Two: I have some new clarity regarding an article I read the other day, which posited that:
“There will always be a place for still images, it just that in the near future, many of those still images will have come from motion sequences.”
~photographer Jason Row, via Lightstalking (10/19/15)
As I said above, almost every single frame of the video could, in my opinion, make a compelling and beautiful still image – which gives me an interesting angle from which to think about what the article was saying.
What would (or could) a “photo shoot” be, if you’re what you’re doing is basically shooting a video and then extracting stills from it? What would a “video shoot” be in that context? Would they just naturally be the same thing?
I mean, what would you be producing really? Would you, as a photographer, just by default, due to the tools you’re using, then also be a videographer? (And vice versa.)
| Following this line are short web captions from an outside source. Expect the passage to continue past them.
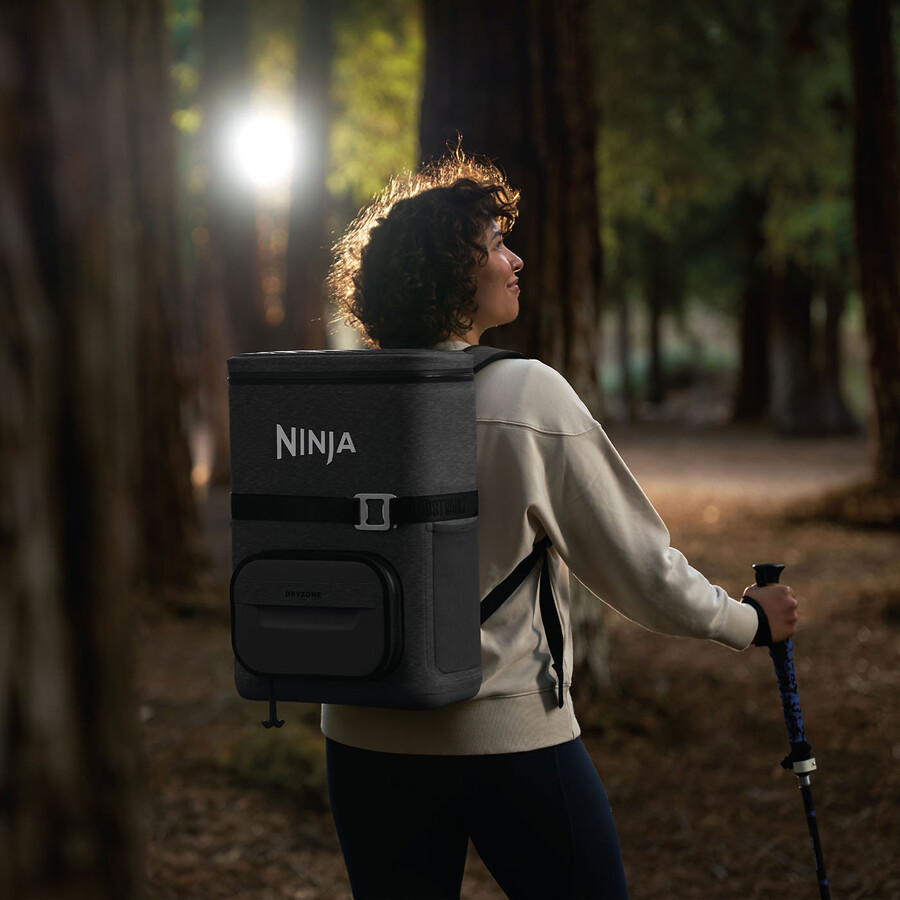 ninja frostvault go 17 litre 24-can backpack soft cooler - charcoal grey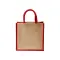 Mini borsa in juta con manici e inserti colorati - Anteprima 10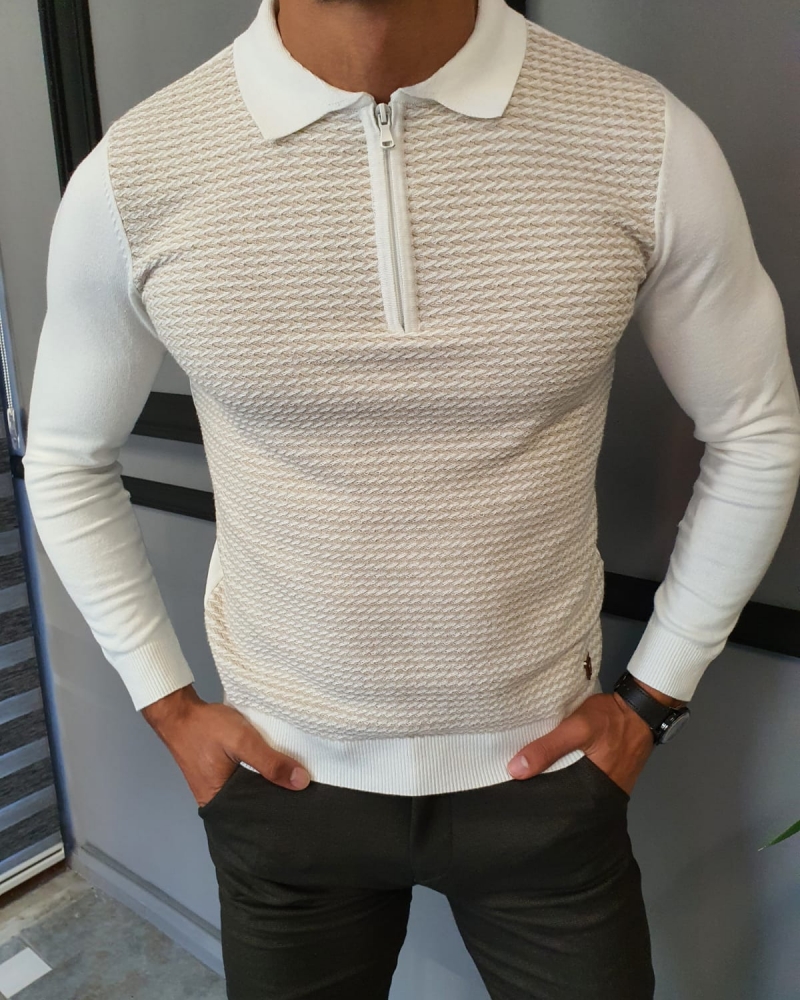 Beige Slim Fit Zipper Collar Sweater by GentWith.com with Free Worldwide Shipping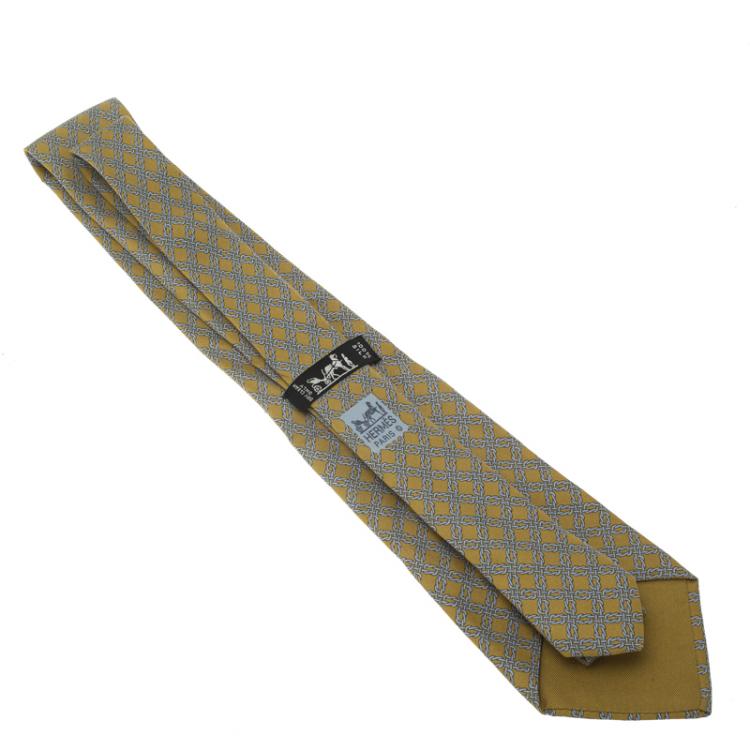 Pre Owned Hermes Blue and Yellow Printed Silk Tie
And what does that mean for where you should focus your skillset? Or where I should be focusing myself now as I try to skill-build? I mean, what’s more important in this scenario: adeptness with Photoshop, or adeptness with video editing programs? Or both?
I guess I’m thinking that Photoshop/photo-editing skills are the necessity right now. But I’m also thinking (and this is a new thought) that video and video-editing skills aren’t so much the “interesting extra” I was previously thinking them to be. I’m thinking that, while they might not be as essential as Photoshop skills are for me at this moment in time, they are in fact essential for me, if I ever want to reach a point where I can support myself doing this stuff.
And possibly artistically as well.
I’m going to have to explore that some more.
Three: I have a new appreciation now for the blurry middleground that currently exists between still photography and video. And I feel drawn to exploring that in a way I didn’t before.
For example: I’m a little obsessed lately with the portrait work of photographer Alessio Albi. (So amazing.) I follow him on Instagram – and I’ve noticed lately a couple of occasions wherein he’s posted video there of some of his models – video from which, I imagine, it would be fairly easy to extract a beautiful still image.
He’s not producing a lengthy music video (like Adele’s “Hello.”) He’s doing something that is much less daunting for newbie-photographer-me to wrap my mind around doing. And that makes it very artistically interesting to me. I think there’s a great deal of potential in exploring that. I want to.
Okay, as I said previously, I have much to say lately in this vein (video thoughts, and video vs photography thoughts.) So, more soon!